“啊,遭遇意外,何掌柜怎么了?何姑娘,我并是不怪他,何掌柜是好人,我找了这么郎中,他是唯一 一个答应来看诊的郎中。”
何蓇并不想多父亲,便道:“我们去看看你妻子吧!”
这时蝶珏问道:“夜晚寒气重,你怎么敞开大门,让她躺在地面的门板上,这岂不更加受寒了!”
“姑娘你有所不知,我们这个村里有个风俗,家里有将死之人,特别是不到60岁的将死之后,需彻夜不闭门户,将家中的晦气散出去。”村民解释道。

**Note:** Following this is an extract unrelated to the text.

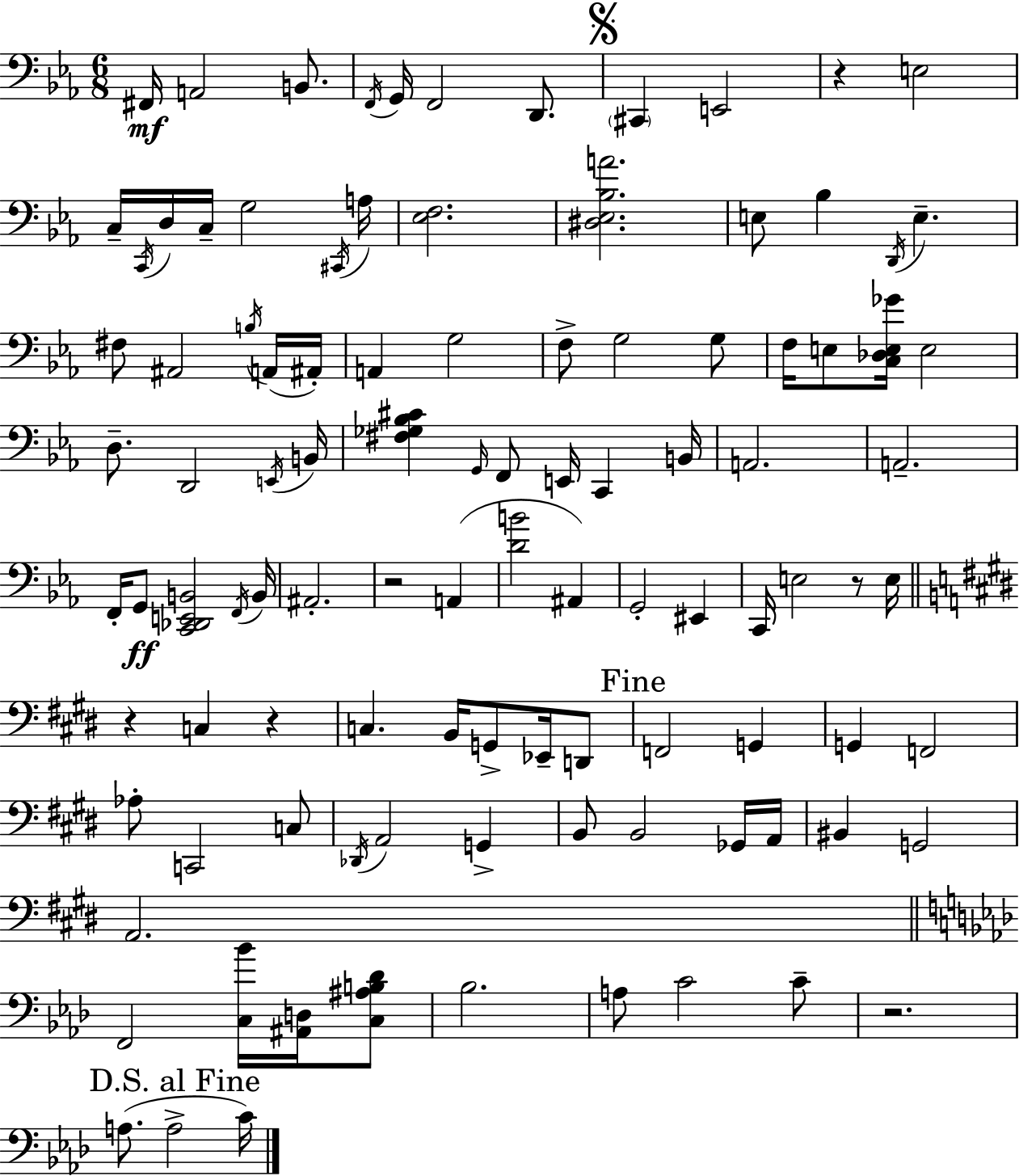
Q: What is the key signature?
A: EES major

何蓇从小跟着父亲,也习得了一些医术,她看了一眼躺在门板上的妇人,面色腊黄,身体消瘦,腹部却异常膨大。
又伸手摸了摸妇人的脉搏,只剩下极其微弱的跳动。
便向村民问道:“你妻子可是经常下水田干活?”
村民点头称是道:“家中上有老下有小,田地里的家活,请不起人帮忙,只能靠我们夫妻两个劳作。”
“那便是了。”
随后何蓇转向蝶珏与丁珂道:“这带村庄,农作物以水稻为主。水田里常有名为水蛭的虫体,会钻进人体吸人身上的血,大部分只附在腿部及手部皮肤上吸血。”
顿了顿又说道:“但这位妇人不一样,水蛭可能钻进了她的腹部,吸血后又在她体内繁殖,才让这位妇人形体消瘦又腹部膨大。”
村民听闻,忙问:“那还有救吗?”
“如果早几年初有症状时,便进行医治,尚还有救,现在,可能为时已晚。”何蓇缓缓地说道。
村民听闻又大哭起来:“竟是我害了她呀!早带她去医治就好了。”
竹床上两个孩子,听明白了何蓇的话,也嚎啕大哭起来:“妈妈,妈妈。”
一旁的老人边抹着眼泪,边赶忙走过将孩子们揽在怀里安慰着。
一家的情形看着极为可怜。
丁珂上前悄悄与蝶珏说道:“水蛭进入病人体内的情况,我也听说过。但凡人的医术不能救治,我们却能过内力将水蛭在体内杀死。”
蝶珏喜道:“那我们试试吧!”
丁珂道:“只是这样一样,我们不同于凡人的事情肯定就要暴露了。”
蝶珏撇撇嘴道:“暴露就暴露吧,我们还怕谁不成?”
“不是怕谁的问题,是会惹来很多麻烦!”丁珂道。
“先去救人吧,其它再说!”蝶珏推着丁珂道。
“啊,她是位妇人,我去吗?” 丁珂叫唤道。
“快去吧!”
“好吧!”丁珂又摸了摸蝶珏的头。